Natacha Ramsay-Levi Gives Chloé's Feminine Softness Some Bite
As the news that Riccardo Tisci had been appointed Burberry’s new creative director broke in London, the fashion press gathered in Paris to watch Chloé’s Autumn/ Winter show. It was the brand’s second catwalk collection following their own turn in the industry’s game of musical chairs, when Natacha Ramsay-Levi (ex Louis Vuitton and Balenciaga) took the helm following Brit designer Clare Waight Keller’s departure for Givenchy last year.
For lovers of Waight Keller’s ethereal Chloé woman, Ramsay-Levi’s debut left something to be desired. But if that collection felt a little rushed, this second season revealed a designer who understood and respected the fashion house’s design codes, but also felt comfortable enough to subvert them: a designer at dual purposes.
“The dualistic illusions of a woman as she is now, and who she wants to be,” read the notes accompanying the show. Who does she want to be? All that feminine softness had been given some bite, and even Chloé’s signature 1970s colour palette took on a distinctly utilitarian bent paired with sand and khaki. Shearling jackets were cropped to give an aviator feel, while jodhpur/parachute hybrid trousers looked military issue tucked into boots.
And oh, the boots: there were lace-up boxing boots with ribbed rubber toes, and more western leather styles with engraved metal Cuban heels. Bags were embossed with the rearing horses that Ramsay Levi embroidered onto trouser suits last season. This was less contrived, and more relaxed - but crucially for the business, those commercially successful accessories weren’t overlooked.
Western nods continued in the form of silk shirts with contrast coloured yokes and metal studding. Lace and the Chloé woman are synonymous, but even that Ramsay-Levi was determined to modernise; instead of delicate florals there were geometric chevrons, echoed in 70s upholstery prints.

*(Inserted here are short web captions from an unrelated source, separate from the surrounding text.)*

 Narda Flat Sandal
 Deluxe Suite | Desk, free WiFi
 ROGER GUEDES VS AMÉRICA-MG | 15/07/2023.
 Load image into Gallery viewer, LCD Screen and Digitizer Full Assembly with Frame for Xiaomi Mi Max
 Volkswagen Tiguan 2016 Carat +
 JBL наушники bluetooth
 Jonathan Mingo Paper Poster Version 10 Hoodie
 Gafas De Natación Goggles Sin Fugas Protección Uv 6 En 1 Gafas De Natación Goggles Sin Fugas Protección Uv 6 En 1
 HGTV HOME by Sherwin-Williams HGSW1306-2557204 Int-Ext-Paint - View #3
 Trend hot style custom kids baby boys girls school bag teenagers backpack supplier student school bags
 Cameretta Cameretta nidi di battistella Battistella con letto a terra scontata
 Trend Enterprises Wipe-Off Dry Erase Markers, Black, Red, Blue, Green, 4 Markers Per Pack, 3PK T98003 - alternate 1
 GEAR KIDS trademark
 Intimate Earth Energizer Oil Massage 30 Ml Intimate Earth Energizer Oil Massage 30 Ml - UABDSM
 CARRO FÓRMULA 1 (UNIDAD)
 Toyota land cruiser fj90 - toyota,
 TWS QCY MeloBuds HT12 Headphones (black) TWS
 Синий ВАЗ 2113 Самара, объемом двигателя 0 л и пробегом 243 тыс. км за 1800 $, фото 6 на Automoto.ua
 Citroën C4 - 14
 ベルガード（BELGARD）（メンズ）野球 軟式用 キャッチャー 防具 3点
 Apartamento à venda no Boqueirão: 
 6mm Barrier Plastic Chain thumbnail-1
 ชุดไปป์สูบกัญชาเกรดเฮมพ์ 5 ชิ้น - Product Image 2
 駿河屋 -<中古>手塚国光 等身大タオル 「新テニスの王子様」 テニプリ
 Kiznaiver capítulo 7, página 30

Hardware dressed-up and toughened-up at turns. Zips were not just for purpose, but slashed across the top of the thigh on high-waisted trousers. Gobstopper-sized stones dusted knuckles and silver cuffs were shield-like on wrists and upper arms. Necklaces, too, had been blown up into thick silver chains worn doubled or even tripled up. Gold coin and ring necklaces looped around high collars or trailed long over low necklines, sometimes over bare decolletage, sometimes a fine-knit poloneck layered underneath silk - a nod to how women really dress in the winter (and on cold, early-March days).
Just a few hours later, Ramsay-Levi could be seen sitting front row at Paco Rabanne, her outfit a road-test in the same stylish layering, from cream shearling coat and sand-beige trousers to brown military boots - though the rest of us will have to wait a few months to wear them.